A recent long-form piece in The New York Times claims that “New York’s dogs can be a cipher for understanding gentrification, and sometimes predicting it — when the designer pups arrive, rising home prices may not be far behind.”
This theory has held true for the past five years in the neighborhood of Clinton/Chelsea, which had the largest influx of poodles in any area from 2012 to 2016. Similarly, New York City real estate agent Steve Snider said, “It feels like, when you move into the West Village, they give you a free French bulldog.” (We wish!)
Meanwhile, the good people of Brooklyn still prefer their rescues. Animal Care Centers of NYC reported their highest placement rate ever in 2017 (91.2%), with an emphasis on the much-maligned pit bull (with adoptions up 10% – 20%). In the neighborhood of Clinton Hill, the average price of a home rose 66% from 2012 to 2016, but the pit bull held steady as the number one breed (followed by the Labrador retriever and the Chihuahua).
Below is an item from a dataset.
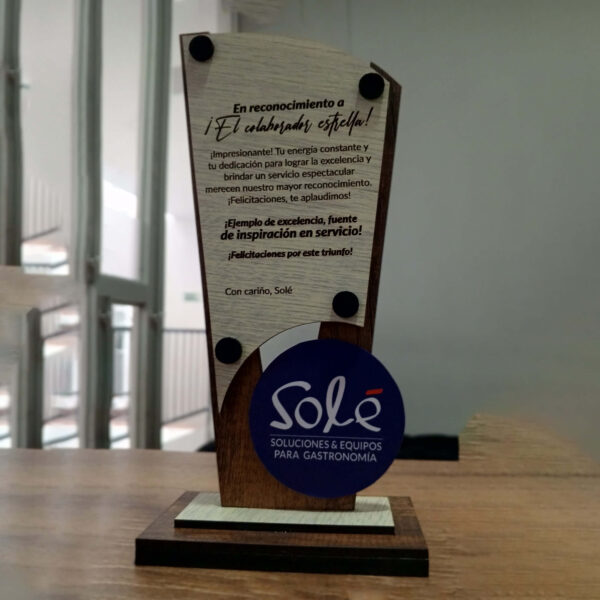 Placa en MDF con Logo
But given New York real estate’s space insufficiency, there are some breeds that will always work despite your neighborhood and despite your income bracket. The city’s number one dog was the lap-friendly Yorkie; number two was the equally-small Shih Tzu; and number four was the tiniest of all, the Chihuahua. (Number three was, surprisingly, the 80-pound Labrador retriever, which further proves its popularity despite its lack of geographic practicality.)